Molto complesso è anche il rapporto con un altro allievo del maestro di violino, Eytan, “il ragazzo con i capelli castani e gli occhi svegli” che cerca la sua amicizia in modo maldestro, un’amicizia dalla quale però il giovane si sottrae con un comportamento inspiegabile che gli procurerà molti sensi di colpa e un desiderio di riscatto.
Le inquietudini dell’adolescenza, l’atteggiamento spavaldo e ribelle, la ricerca dell’amore e i legami fra amici sono ancora al centro del bellissimo secondo racconto di Kenaz, “Fra la notte e l’alba”. La voce narrante che rimane sullo sfondo si rivela un osservatore arguto e sensibile che riesce a cogliere i sentimenti più reconditi che scuotono l’animo dei suoi amici: Arik, non bello fisicamente ma capace di lanciare una battuta scherzosa su tutto e tutti, Noemi, bassa e goffa, conscia della banalità del proprio fisico e segretamente innamorata di Eli Shapira, bello, aitante e ammirato fa coppia fissa con la ragazza più affascinante del gruppo Rahel ed infine Pessach, “dai lineamenti rozzi e informi che sembrano quelli di un gatto bagnato” è per molto tempo una sorta di emarginato nel gruppo: la madre è morta e ora vive con il padre e un fratello dal carattere difficile. L’aiuto che alcuni compagni gli offrono per consentirgli di superare gli esami non ottiene alcuna riconoscenza da parte sua.
Destinati a breve a difendere il loro paese questi giovani si trovano a trascorre insieme tre giorni per una missione prevista dal servizio nazionale delle future reclute. E in questo luogo sotto la guida dell’istruttore Yigal, un soldato magro con la kippà in testa che proviene dall’Istituto agricolo di Pardes Hana, hanno il compito piantare eucalipti, utili a nascondere il campo agli aerei nemici.
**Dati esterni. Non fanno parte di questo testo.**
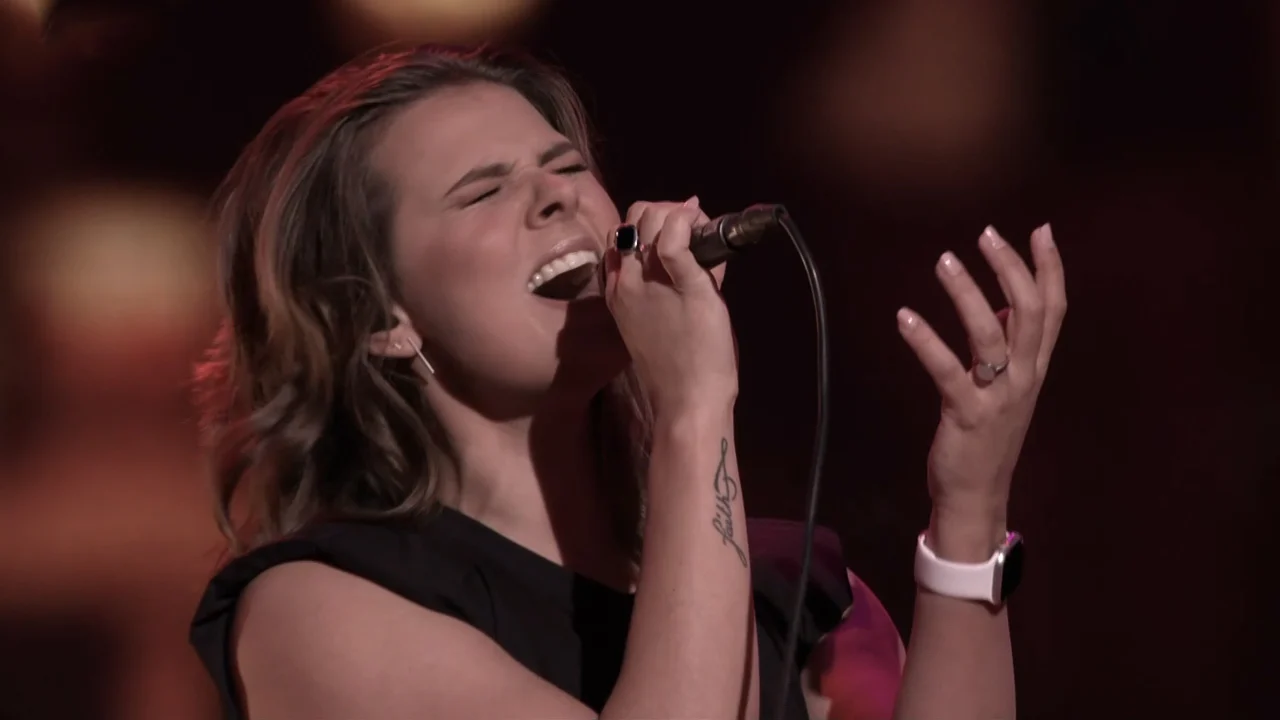 Prachtig optreden van Mell & Vintage Future bij start uitzending Vandaag Inside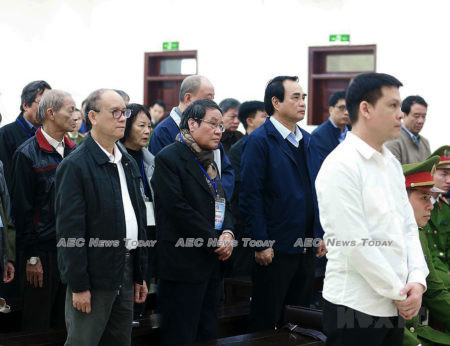 Twenty defendants, including jailed former chairmen of the Da Nang People’s Committee, Van Huu Chien and Tran Van Minh file appeal in a case of violation of land management regulations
L’aggregazione che inevitabilmente si crea anche con altri giovani non è scevra da conflitti, inimicizie e incomprensioni che come in qualsiasi società fanno parte del bagaglio di crescita di ogni giovane adolescente che si affaccia alla vita ma che certamente in un luogo come Israele ha ben altra pregnanza. Questo percorso di crescita comporta per i protagonisti del racconto alcune metamorfosi sconcertanti: la maturazione di Eli, la presa di coscienza di Arik, la rivelazione della sua femminilità per Noemi e una trasformazione sbalorditiva per Pessach che da giovane insignificante diventa oggetto di attrazione per molte ragazze fino ad un epilogo drammatico e inquietante.
Interprete magistrale dei moti dell’anima, con uno stile nitido e semplice, lo sguardo di Kenaz si posa con rara capacità introspettiva sul mondo degli adolescenti mettendone in rilievo le contraddizioni e inoltrandosi nelle loro difficoltà e nelle loro chiusure per mostrarci la generosità e le grandezze di cui sono capaci. Perché “ascoltare” e interpretare le inquietudini dei giovani è anche un modo per capire noi stessi.
Quest’ultima opera di Kenaz si legge d’un fiato, nonostante la prosa sia di tale ricchezza ed eleganza lessicale, tale minuzia nel descrivere la psicologia dei protagonisti, tale finezza descrittiva che non resta che rileggerlo per assaporare nuovamente pagina dopo pagina gli innumerevoli dettagli che lo rendono memorabile.
Si esce dalla lettura di questo libro ammaliati, colpiti nel profondo e decisamente arricchiti.